<!--
Copyright 2025 XTX Markets Technologies Limited

SPDX-License-Identifier: GPL-2.0-or-later
-->

# Disk Failures

## How TernFS stores files

* Each file is made out of a bunch of spans.
* Each span is made out of a bunch of blocks. Currently we organize the spans such that any 4 blocks inside a span can fail for whatever reason and the span is still readable.
* Each block has a unique block id, and is stored in a "block service".
* A block service is really an individual disk, and also has a unique "block service id".
* Many block services (i.e. disks) are grouped in a single server. In this context we call such a server a "failure domain", since the block services within it can fail all at once.
* All block services in a single server are serviced by a single process (`eggsblocks`).
* You can witness this hierarchy in the front page of the web UI.

## What to do when a disk fails

Note that this section is out of date. It was written when there was no automatic marking of failed disks. Moreover now it is not necessary to restart block services after decommissioning. Leaving it here since many concepts still apply, but should be updated.

From time to time disks will fail. As they do, things will just keep working as normal (both the read and write end), as long as we don't have more than 4 disks failed at once before we migrated away from them.

We might notice that disks fail in a variety of ways (alerts in the block service, hostmon, etc.). The best telltale sign of a failed disk is a flurry of `BLOCK_IO_ERROR_DEVICE` clearable alerts in the block service, and a non-clearable alert saying "could not update block service info for block service ...". See also  the [alerts doc](https://github.com/XTXMarkets/ternfs/blob/main/docs/alerts.md). But in any case, once we know a disk has failed, these are the steps to restore sanity.

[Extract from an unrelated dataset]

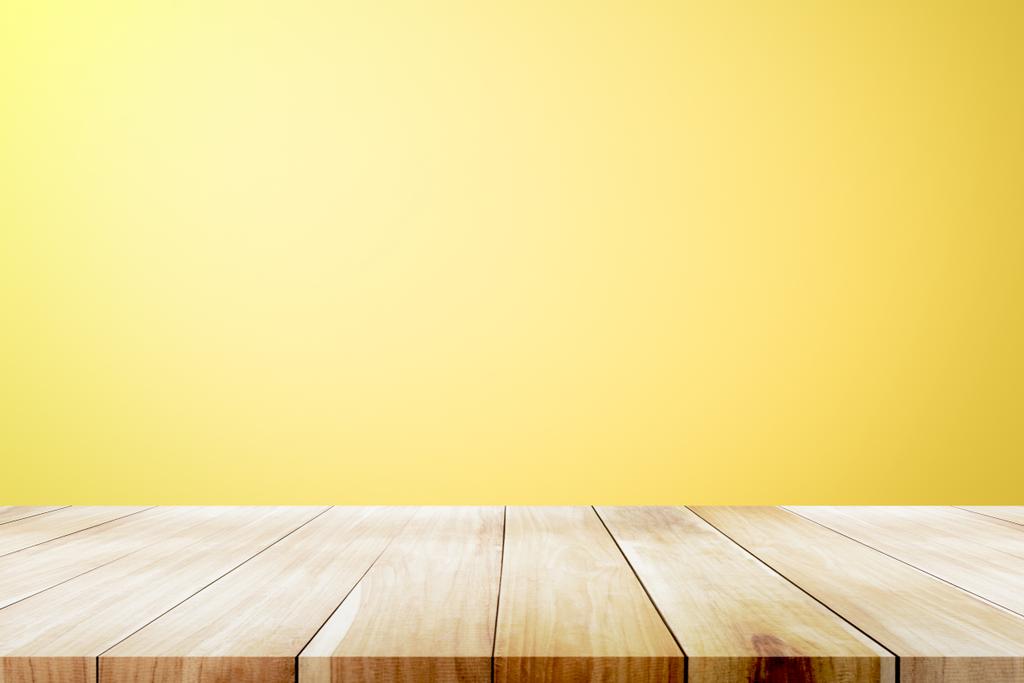 Empty wooden deck table over yellow wallpaper background. - Photo, Image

1. Establish the block service id. Maybe the alerts that caused you to notice that the disk has failed already contain this, but if they don't, the easiest thing is to check which mount corresponds to which block service id by searching through block services in the front page of the web ui. We'll refer to this fictional failing block service with the id `0xbadc0ffee0ddf00d`.

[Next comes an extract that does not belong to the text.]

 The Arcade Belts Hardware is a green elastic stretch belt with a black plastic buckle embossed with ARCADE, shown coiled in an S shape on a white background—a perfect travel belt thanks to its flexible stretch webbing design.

1. If you're still investigating (i.e. you're not sure that the disk is actually dead), you can set the block service as read-only in the meantime to stop clients from attempting to write to it:

       % terncli -registry <registry-addr> -prod blockservice-flags -id 0xbadc0ffee0ddf00d -set NO_WRITE

    If you realize that the block service is actually fine, you can remove the `NO_WRITE` flag with

       % terncli -registry <registry-addr> -prod blockservice-flags -id 0xbadc0ffee0ddf00d -unset NO_WRITE

    The flags are visible in the web ui.

    Note that flags will take a bit to propagate (shouldn't be more than 2 minutes). However clients are smart, and they will automatically recover from failed reads/writes, so things will keep working throughout save from the occasional alert in `dmesg`.

1. Once you're sure that the disk is gone, you can mark it as such with

       % terncli -registry <registry-addr> -prod blockservice-flags -id 0xbadc0ffee0ddf00d -set DECOMMISSIONED

    Clients will stop reading/writing to the block service (again, with some delay). Note that setting a block service as decommissioned is a permanent action: from this point on, the block service is gone forever, and can only be migrated out of. Or in other words, the command above is not something to be put in automated scripts -- a human must vet it, at least for now.

1. Restart the block services in the machine where `0xbadc0ffee0ddf00d` used to live in.

    This will forget about the old block service id -- from now on requests asking for blocks in that block service will return `BLOCK_NOT_FOUND`. This means that there's going to be a short interval of time (around two minutes, see comment about flag propagation in point 1) whereby you might get `BLOCK_NOT_FOUND` alerts as shards realize that the block service is now decommissioned. These alerts can be binned.

1. `ternmigrate` instances will now start migrating the block service, you'll get a non-alerting alert such as

       % migrate.go:238 0xbadc0ffee0ddf00d: migrated 306565.72MB in 414548 blocks in 394912 files, at 1129.97MB/s (recent), 1021.56MB/s (overall)

    informing you of the progress.

1. Once the migration finishes (i.e. once the `ternmigrate` alert disappears) we're "safe", in the sense that we won't lose data because of the failed disk. Afterwards (or while the migration runs, but there's no urgency), do whatever you need to do to replace the disk.

    Once the disk is replaced (you can check the serial to make sure the right disk is replaced), you will have to umount the old mount, format the new disk, mount the new disk and chown the mount.

1. After you've replaced the disk and the partition is mounted, restart `ternblocks` again so that a new block service will be spun up.

    Again, clients will automatically work around the temporary failures due to the restart.